Task #2096
Feature #1764: Finalize dataoneTypes schema for public release
Identifier should not be able to have any whitespace
100%
Description
Identifier should not be able to have any whitespace, but that is currently not
being enforced in the schema. Identifier is a NonEmptyString800, which is a
NonEmptyString with length <= 800. NonEmptyString is a string with length > 0
and which matches "[\s][\S][\s\S]". The regex allows any string that has at
least one non-whitespace character.
[\s\S] allows newlines (unlike "."). In most strings, I don't think we want to
allow newlines, and in the strings where we do want to allow whitespace,
shouldn't it be the opposite -- that it's allowed within the text, but not in
the start or end (where it may be invisible).
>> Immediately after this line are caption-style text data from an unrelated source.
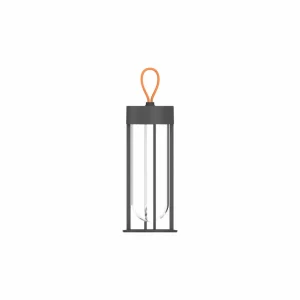 Flos Architectural FLOS In Vitro Unplugged lampe LED grise 3 000 K^ Lampes Décoratives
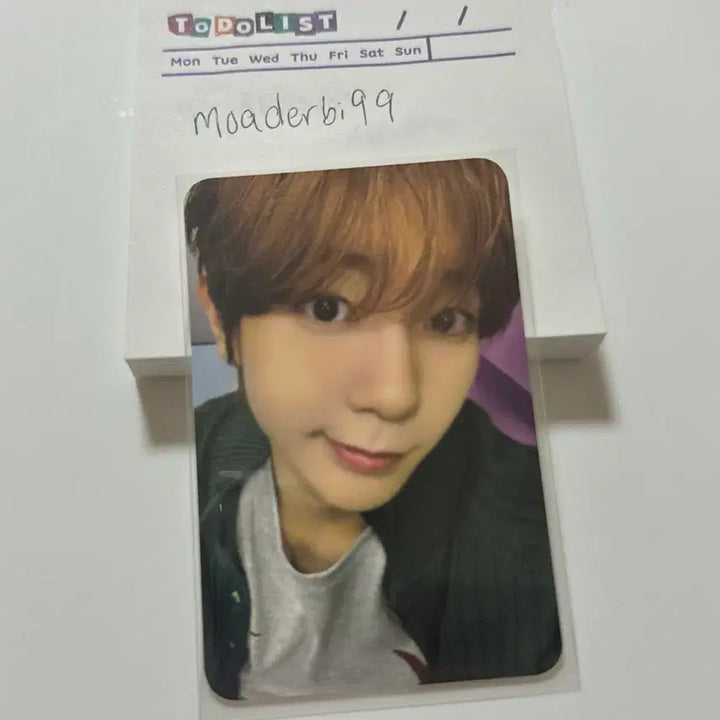 [BUNJANG] NCT WISH Ryo Photocard / 엔시티위시 료 포카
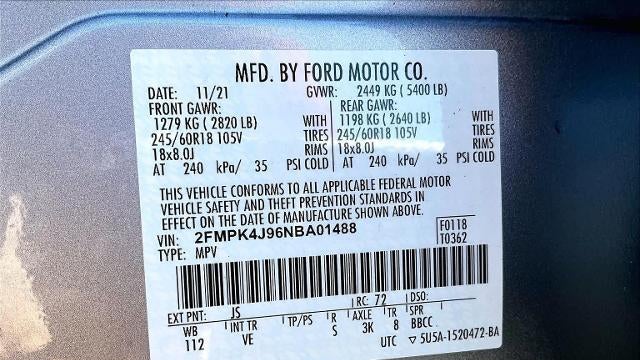 2022 Ford Edge SEL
I think we may want to add another string type that is used only for blocks of
text that may contain newlines.
So,
Identifier (and other names) would be len < 800 and one or more non-whitespace: "\S+"
Names that allow whitespace only within text and does not allow newlines would be: \S|\S.\S
Names that allow whitespace only within text and does allow newlines: \S|\S[\s\S]\S
History
#1 Updated by Dave Vieglais almost 13 years ago
The problem description needs some clarification.
Identifiers are non-empty strings of limited length that do not have leading or trailing whitespace or non-printing characters. The restriction SHOULD be enforced by the schema, but MUST be enforced programmatically.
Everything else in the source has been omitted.